Recorded data START

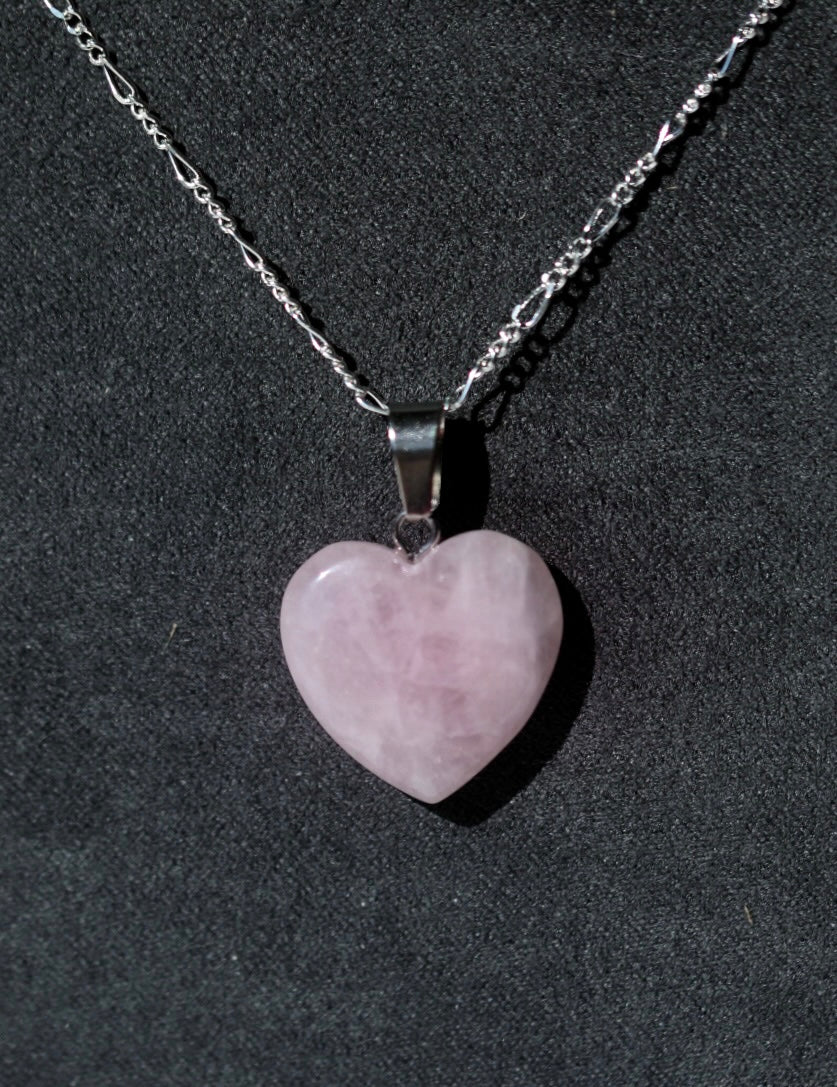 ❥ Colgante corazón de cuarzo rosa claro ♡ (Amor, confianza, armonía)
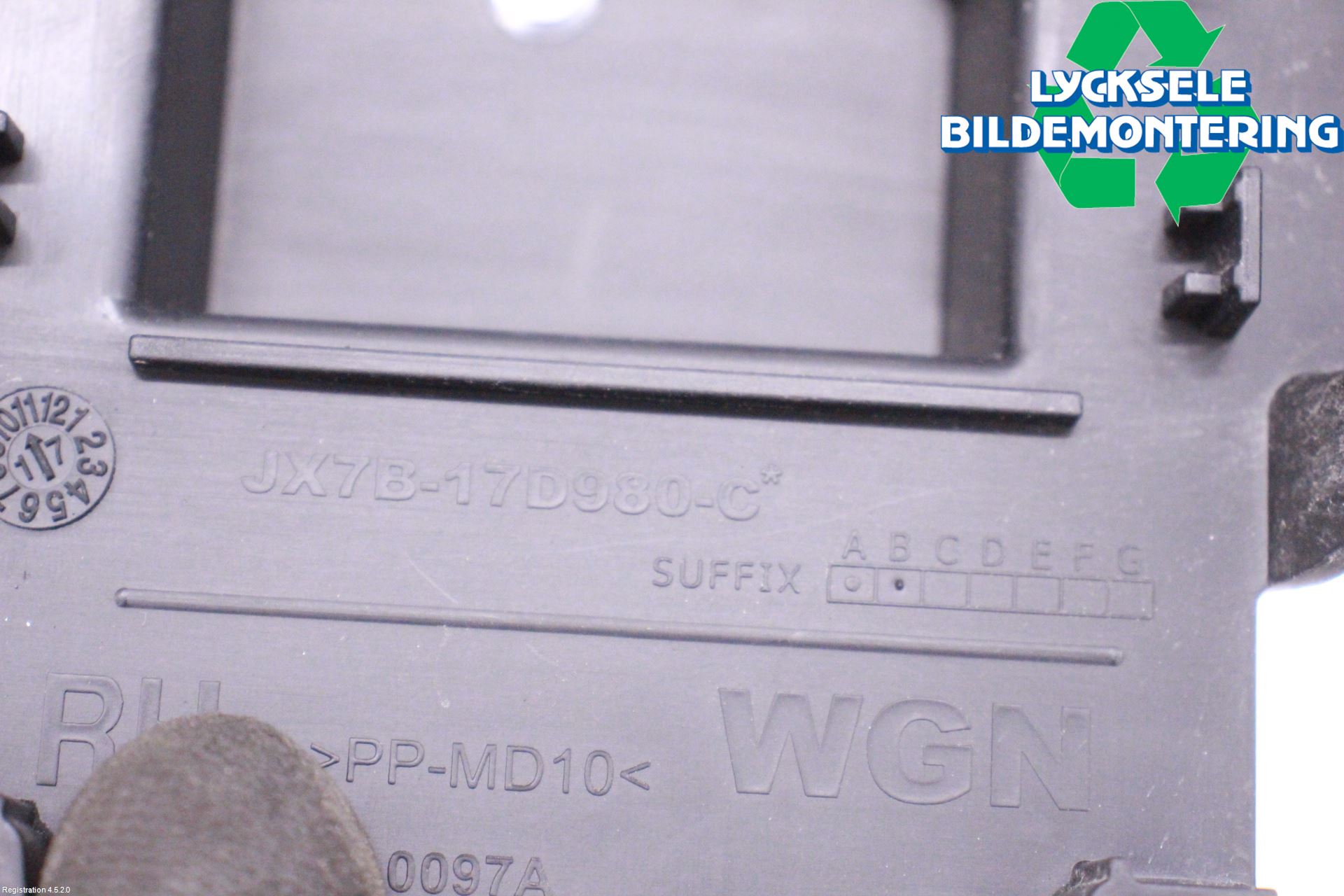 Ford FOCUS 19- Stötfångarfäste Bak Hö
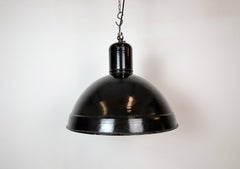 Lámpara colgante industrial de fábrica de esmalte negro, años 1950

Recorded data END

A faithful copy of all the lines above is needed, with the pictures omitted.

 ❥ Colgante corazón de cuarzo rosa claro ♡ (Amor, confianza, armonía)
 Ford FOCUS 19- Stötfångarfäste Bak Hö
 Lámpara colgante industrial de fábrica de esmalte negro, años 1950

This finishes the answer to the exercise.